Da anni il presidente della Turchia Recep Tayyip Erdogan fornisce senza soluzione di continuità esempi di cosa fare per scassare un sistema economico. L’esempio più noto riguarda la reiterata convinzione che la crescita dei prezzi al consumo, fuori controllo da diversi anni, si possa (e debba) contrastare mediante una politica monetaria di abbassamento dei tassi di interesse.

Erdogan ha sostituito diversi banchieri centrali, quando costoro non erano sufficientemente allineati al neofisherismo del sultano. Nel 2022 la banca centrale turca è andata in controtendenza rispetto a tutte le principali banche centrali mondiali, che hanno alzato i tassi di interesse nel (maldestro) tentativo di spegnere un fuoco inflattivo che hanno abbondantemente alimentato negli anni precedenti.

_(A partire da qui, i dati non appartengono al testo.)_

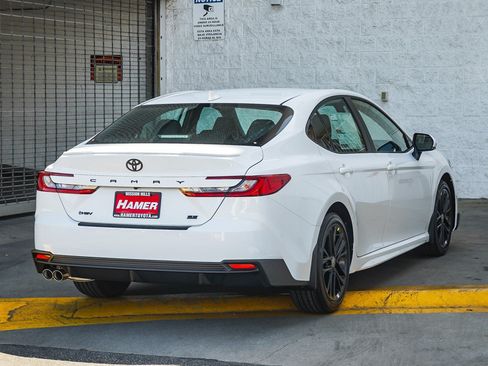 New 2026 Toyota Camry SE FWD image 7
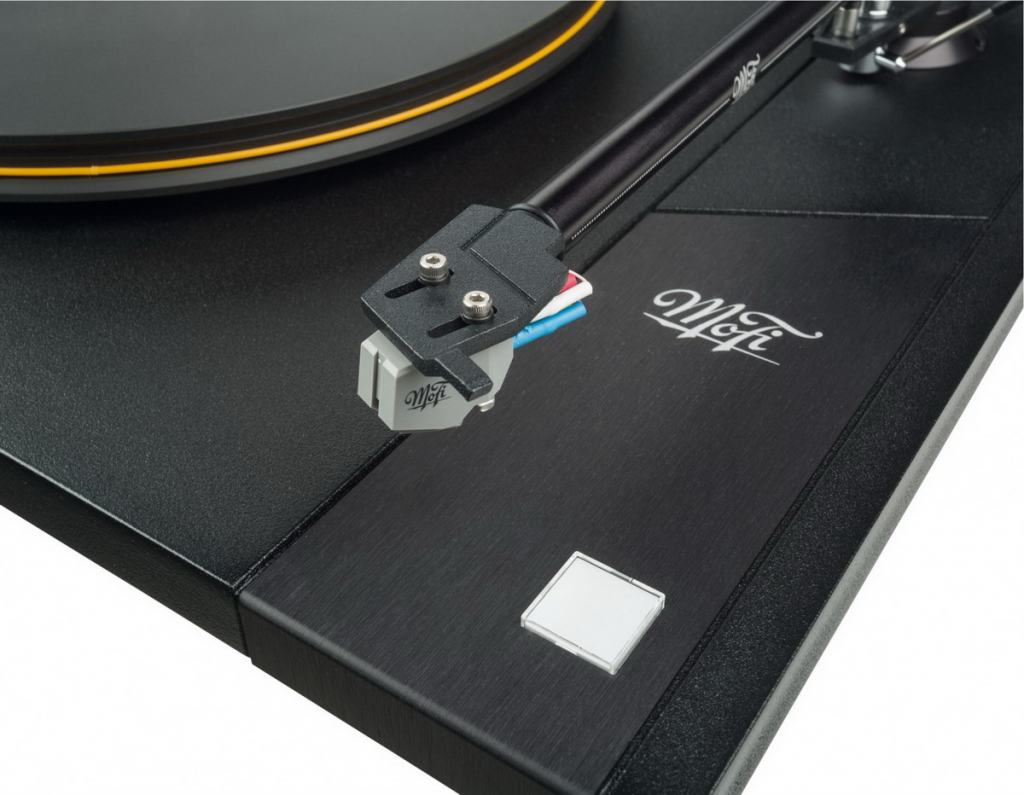 mofi studiodeck 02.jpg mofi studiodeck 02.jpg
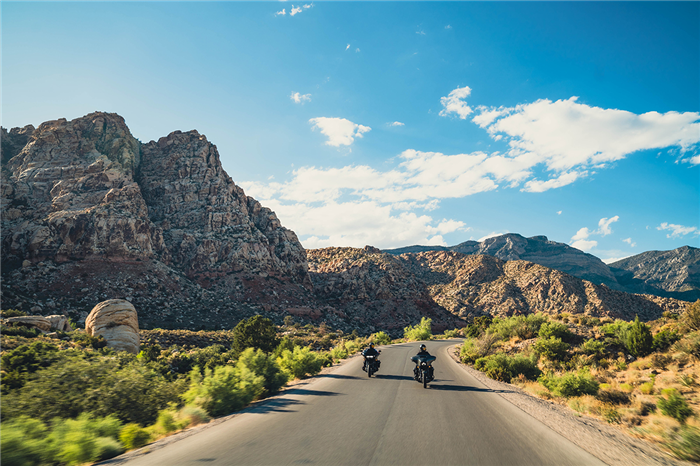 Motocyclistes en direction de Las Vegas - Nevada - États-Unis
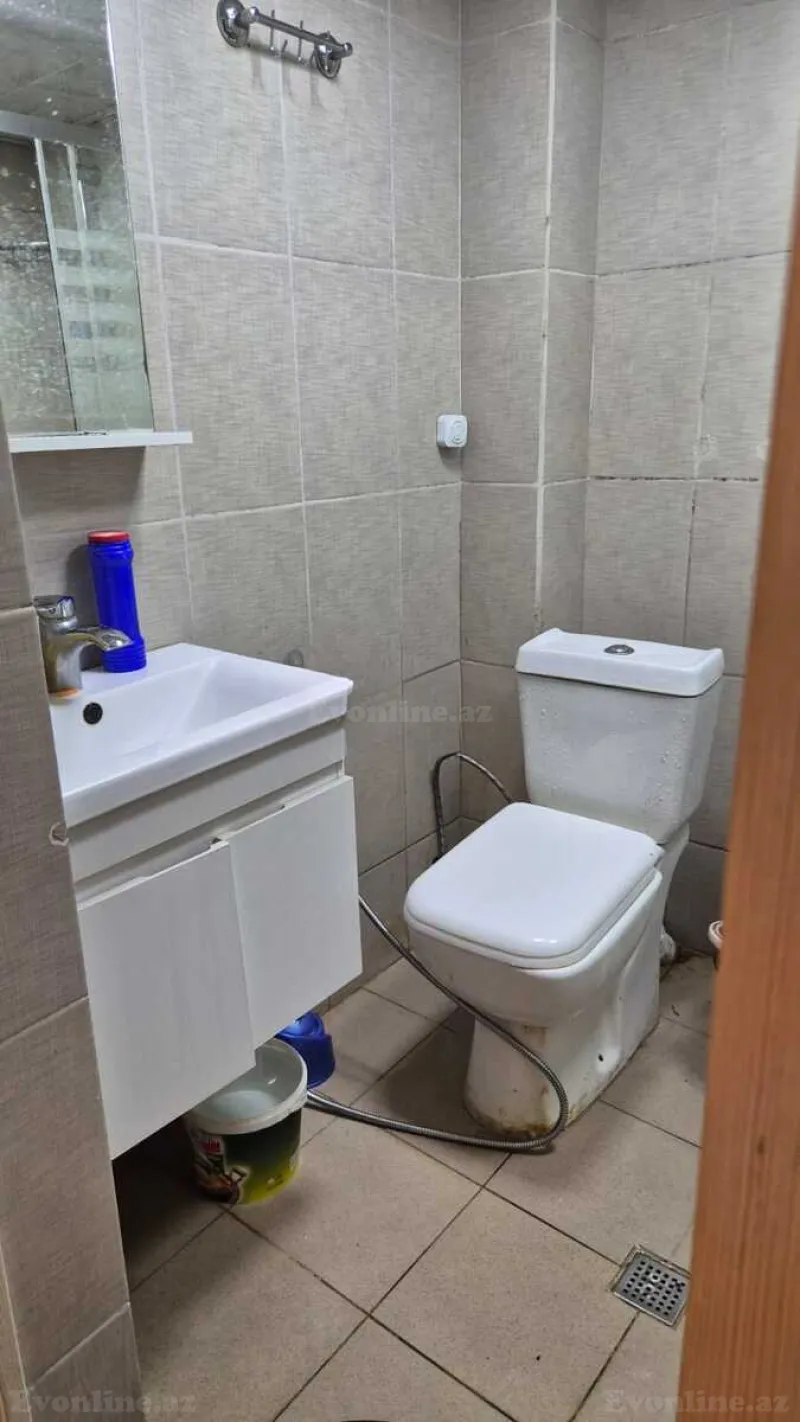 Kirayə verilir 2 otaqlı Mənzil Köhnə tikili 55 m² Elmlər Akademiyası m. - şəkil 11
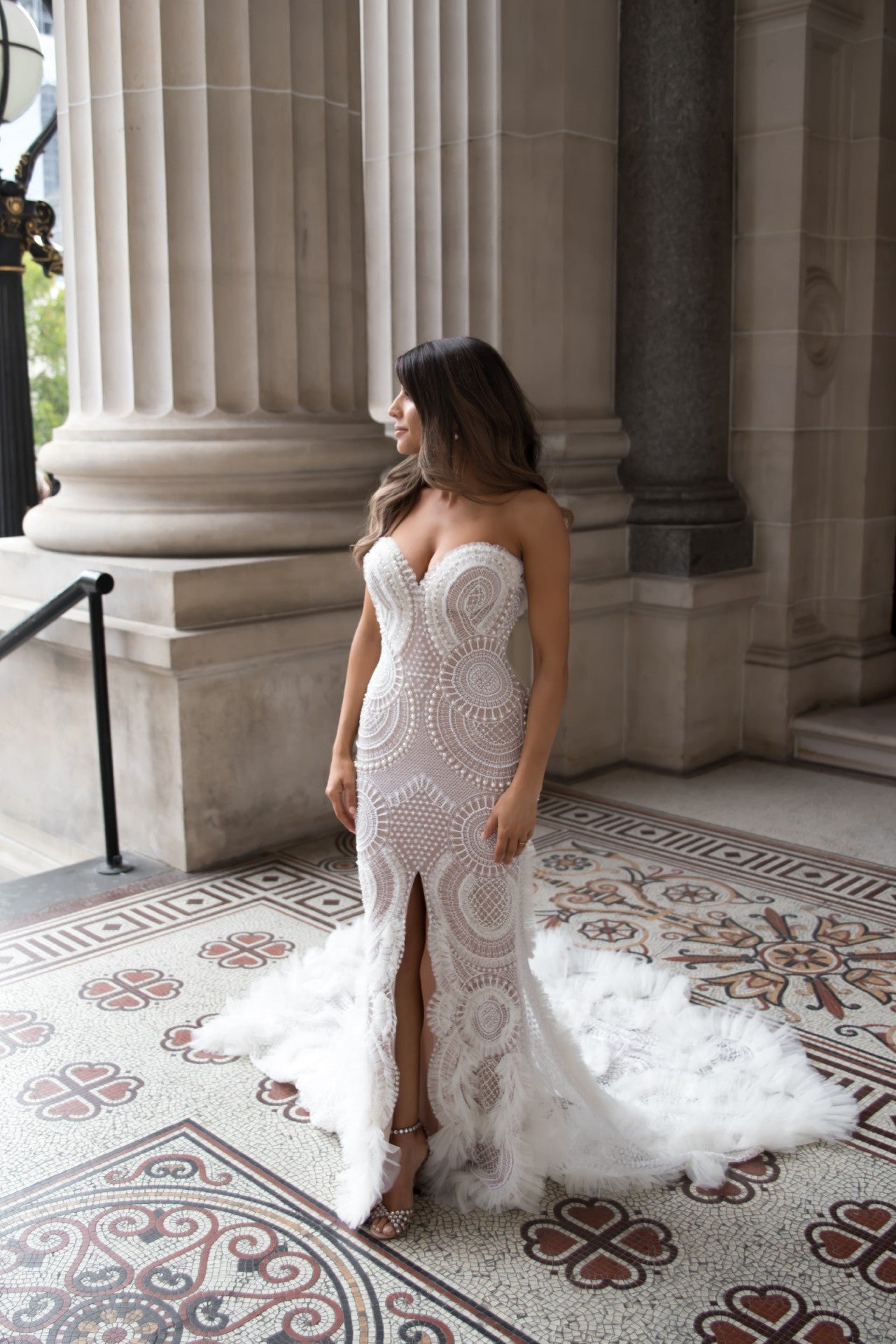 C2023-SE35 - robe de mariée bustier en dentelle brodée avec fente et traîne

Adesso, a pochi mesi dalle elezioni nelle quali teme di non essere confermato al potere, Erdogan ha annunciato l’eliminazione del requisito di età minima per andare in pensione, già finora fissata alla non veneranda soglia di 58 anni per le donne e 60 per gli uomini.

Si stima che ciò consentirà di andare in pensione immediatamente a oltre due milioni di persone, il che porterebbe i pensionati a rappresentare circa il 20% della popolazione, in un contesto in cui il tasso di fertilità è lievemente inferiore ai 2,1 figli per donna necessari a mantenere invariata la popolazione stessa.

Non stupisce che i sindacati, che ovunque nel mondo non brillano per lungimiranza, abbiano espresso soddisfazione. Molto meno lo saranno i pagatori di tasse presenti e futuri, che dovranno aggiungere anche questo al fardello che, prima o poi, Erdogan lascerà loro in eredità.